MAT—a new view and target
Recently, MAT has drawn much attention from researchers assessing bone homeostasis. Bone marrow is the only place where bone and fat lie adjacent to each other (21). Additionally, a mesenchymal progenitor can be found in the marrow that is able to generate osteoblasts, adipocytes, and myocytes (35). There is widespread support for the hypothesis that bone marrow mesenchymal stromal cells (BMSCs) enter only one lineage in a mutually exclusive manner and that this ‘choice’ is determined by an orderly fashion during maturation, which was controlled by specific transcription factors and hormones (36). The increase of MAT in metabolic disorders of low bone mass and the observation that osteoblasts and adipocytes derive from a common pool of mesenchymal progenitors, implies a balanced tradeoff between bone and fat mass, with the increased formation of adipocytes occurring at the expense of osteoblasts leading to lower bone mass (Figure 1) (4).
In patients with type 1 diabetes, high MAT was observed, which was accompanied with abnormal cortical bone geometry and high risk of fracture (37,38). In two mice models of spontaneous and induced type 1 diabetes, the proximal tibia exhibited marked increase in both MAT number and levels of adipocyte mRNA markers such as peroxisome proliferator-activated receptor gamma (PPARG) and fatty acid binding protein (FABP) 4 mRNA, along with decrease of mineral density and bone volume fraction mostly in trabecular and to a lesser extend in cortical bone, as well as in osteocalcin mRNA (39). PPARG is a ligand-dependent transcription factor that regulates genes involved in lipid and glucose homeostasis, including FABP4. In turn, FABP4 binds fatty acids and the FABP4/fatty acid complex activates PPARG in the nucleus under a positive feedback loop. Treatment with a PPARG antagonist, bisphenol A diglycidyl ether (BADGE), prevented accumulation of marrow adiposity but not bone loss in diabetes (40) while BADGE treatment in wildtype adult mice resulted in increased bone formation and decreased marrow adipogenesis (41).
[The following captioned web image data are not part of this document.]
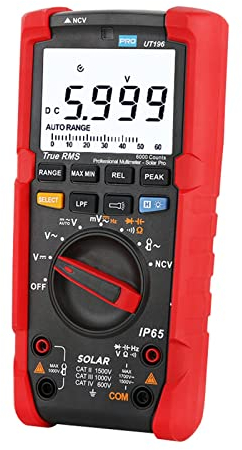DEWIN Multimetro Digitale,Multimetro Digitale Fotovoltaico Tester Digitale Tester Elettricista Professionale Vero RMS 1500 V AC DC Tester di frequenza di Resistenza alla Tensione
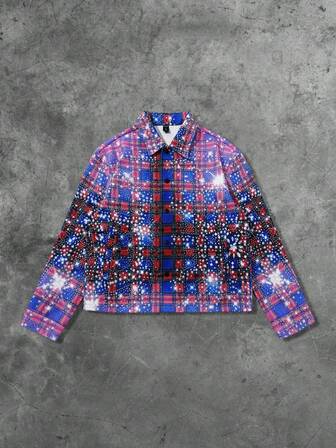 Street Life Unisex Gradient Plaid Blazer With Rhinestone Effect, Autumn/Winter Design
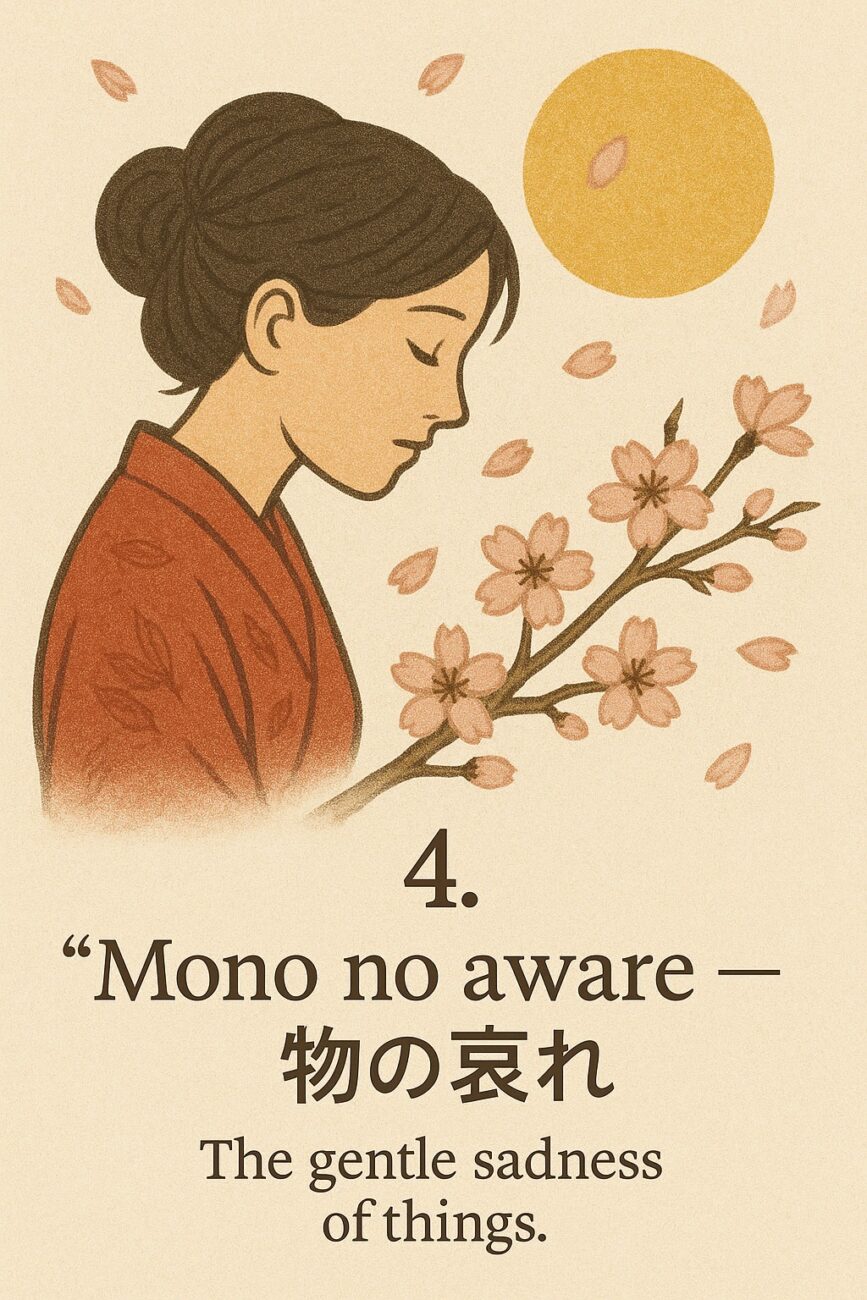 Illustration of a woman in a red kimono beside cherry blossoms and a yellow sun, with the text "Mono no aware — The gentle sadness of things.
In patients with type 2 diabetes, normal or high BMD together with elevated risk of fracture was observed; in contrast, high MAT was not detected (42,43). Recently, the altered composition of MAT in patients with type 2 diabetes was linked with bone fragility and diabetes (44). Sixty-nine postmenopausal women (36 subjects with spinal and/or peripheral fragility fractures and 33 non-fracture controls) were screened by magnetic resonance spectroscopy of the lumbar spine (LS); the BMD was determined using DXA of the hip and LS and quantitative computed tomography (QCT) of the LS. Diabetic individuals with fractures featured the lowest marrow unsaturation but the highest saturation. No association of marrow fat content with diabetes or fracture was observed. Yu et al. (45) studied 21 adults with morbid obesity, 8 of whom had T2DM and found that subjects with T2DM had higher volumetric BMD (vBMD) of the femoral neck and higher total MAT at the LS and femoral metaphysis compared to non-diabetic controls. Lipid unsaturation index (evaluated as olefinic protons to total lipid content ratio) was significantly lower at the femoral diaphysis in T2DM. LS vBMD was inversely correlated with LS MAT. An inverse association between SAT and diaphyseal MAT was observed while no associations were found for VAT (45).
In patients with osteoporosis, increased MAT was reported for the first time by Meunier et al. (46). A recent cross-sectional study of the Age Gene/Environment Susceptibility-Reykjavik cohort found that high MAT was negatively correlated to trabecular BMD in women, and positively correlated to common vertebral fractures in men (47). Both osteoporosis and osteopenia were associated with low proportion of unsaturated lipids, as assessed by proton magnetic resonance spectroscopy (1H-MRS) (48). In rodent models, aging was associated with significant marrow adiposity, and this finding has been linked to low trabecular bone mineral density in rodents (49) as well as in humans (47), suggesting a mutually exclusive process.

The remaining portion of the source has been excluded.